I'm designing a board for a school project using eagle. I thought I could get away with using the onboard clock of the PIC18 since it's not doing a whole lot (mostly just LEDs), but one of its tasks is RS232 communication, and I (just) learned that the onboard is nowhere near accurate enough for any sort of comms. Since the RS232 link is crucial, I need it to work. So I've had the task of cramming an xtal and two caps on my already crowded PCB. Here's my result at 3am this morning:

enter image description here

I'm sure I've made some experienced board designer sweat a bit. The big glowing trace is ground. I think it's the best I could do considering there was absolutely no room to move the PIC or the two top chips, and very little room to move the bottom one. The board is going to be CNC milled so I can't go less than 16mil trace width/16 mil spacing. I rearranged what I could to make sure OSC1 and OSC2 had no vias. The caps are small little ~20pf ceramics, I just used the cylindrical parts for the pad spacing.

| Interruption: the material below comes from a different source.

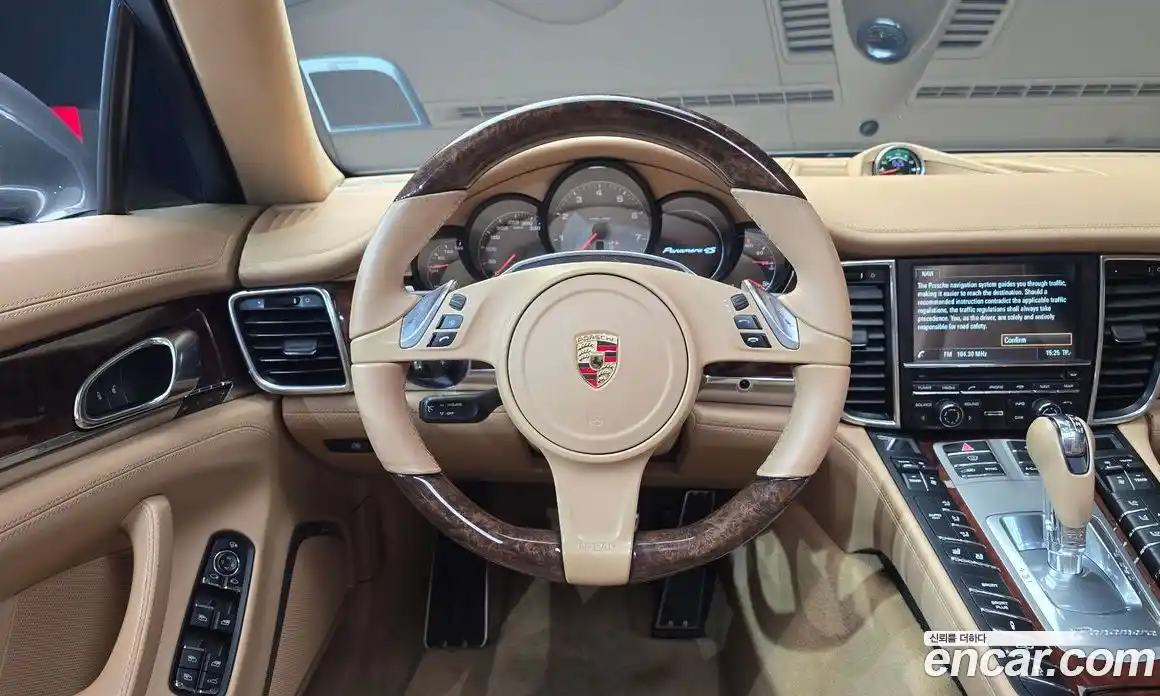 Porsche Panamera 2014 3.0 гидро в Москве № 2058495, фото 13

(Also, blue is the bottom layer, red is the top; everything has to be through-hole and connect on the bottom)

I plan on running the chip at 4.9152MHz. If for whatever unfathomable reason it's not enough speed, I'd like the option of 7.2MHz. I know speed affects design.

Any advice would be appreciated. I'm probably going to spin the caps so the trace to the xtal is shorter. I don't see any possible way to have a 'ground ring' which is suggested as there's no room.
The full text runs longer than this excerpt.